Until Waking
Ruth Jenkins
1.
In this night’s forest
I cut away your long dark hair
seal it under the snow.
In grandmother’s stories
the moon was born
of buried pelts and bones,
called from the soil
by the sky’s silence.
2.
When you were five, your mother
held you under the water,
said baptism which meant
to wake your body to a place
beyond hurt.
Some nights
before your father came home
she sealed your doorframe gaps
with cotton and silver duct tape,
turned the lock until morning.
You learnt to disappear
into colour, or rooms folded
onto tiny scraps of paper,
planets later, guessed
by the earth’s spin.
3.
I lived with grandmother in the woods.
Days the moon swam
the length of our ocean.
a silver sleek animal.
I left seeds for it
and broken blue eggshells.
Until waking
to a sky sharp with moon-bones
they called woman.
And a body not mine,
a name not mine
a family that did not notice the change.
4.
On your twenty-first birthday
we left for the forest
with tinned cans of beans,
layers of wool and felt,
a torn map with a hut at the centre
for passing long winters.
You buried your girl clothes,
phone and papers.
The moon shone between leaf gaps.
You held the scissors out like a knife.
5.
The bones tell the whole story, you said.

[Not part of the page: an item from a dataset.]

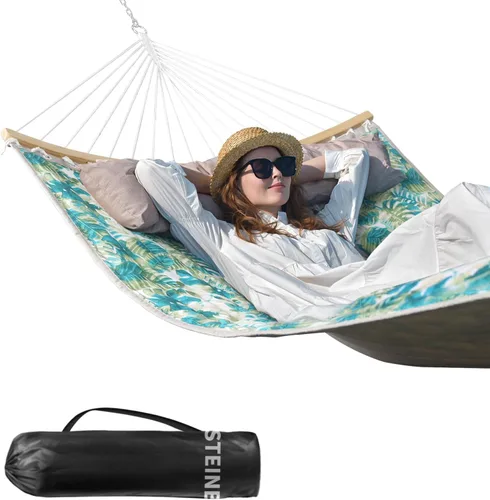 Vista 10 de Hamaca doble, hamaca de tela acolchada de 11 pies para 2 personas para exteriores con almohada, barra separadora curvada plegable, cadenas, bolsa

If you can only bear to look.
The moon grew tired
of the earth and the sea,
drifted towards the stars,
found no way back.
Other planets have done this.
Now they are bright and strange
and cannot be seen with the eyes.
Ruth Jenkins lives in London and writes speculative poetry and interactive fiction on cities, coding and magic. Ruth’s writing has previously appeared in Strange Horizons, Stone Telling, and Verse Kraken.